Monsieur le Président,

II. Nous ne cessons de le répéter dans cette enceinte : le régime de Damas doit se conformer à ses obligations internationales et autoriser un accès complet, sûr, inconditionnel et sans entraves des Nations unies et de ses partenaires humanitaires aux personnes dans le besoin sur l’ensemble du territoire syrien. Ses soutiens doivent faire pression sur lui en ce sens.

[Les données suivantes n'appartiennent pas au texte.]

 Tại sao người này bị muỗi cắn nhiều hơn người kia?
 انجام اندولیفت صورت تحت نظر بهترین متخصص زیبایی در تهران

Le régime syrien continue de refuser les lettres de facilitation pour le chargement des convois. Il n’y a aucune justification possible à cette situation. La responsabilité repose entièrement sur le régime de Damas qui persiste à refuser l’accès aux acteurs humanitaires et à utiliser la famine comme méthode de guerre.
Nous demandons à ce que les autorisations soient délivrées par le régime syrien afin de permettre aux convois humanitaires d’atteindre les populations.
Les attaques contre des hôpitaux, contre des installations médicales et contre des convois humanitaires, ainsi qu’à l’encontre d’installations scolaires et des lieux de vie se poursuivent. Le Secrétaire général a réitéré son appel à la saisine de la Cour Pénale Internationale. Toute la lumière devra être faite sur ces innombrables violations des droits de l’Homme et du droit international humanitaire.

Monsieur le Président,

III. Face à ce bilan dramatique, il est plus que jamais urgent de mettre en œuvre une transition politique, dans le cadre des négociations de Genève.
La France réitère son plein soutien au processus de négociations mené à Genève sous l’égide de l’Envoyé spécial, conformément à l’agenda de la résolution 2354 et du communiqué de Genève. C’est la seule façon de mettre un terme aux souffrances du peuple syrien et au drame humanitaire qui se déroule sous nos yeux.
Plus que jamais nous réitérons l’urgence d’une solution politique aboutissant à une véritable transition en Syrie.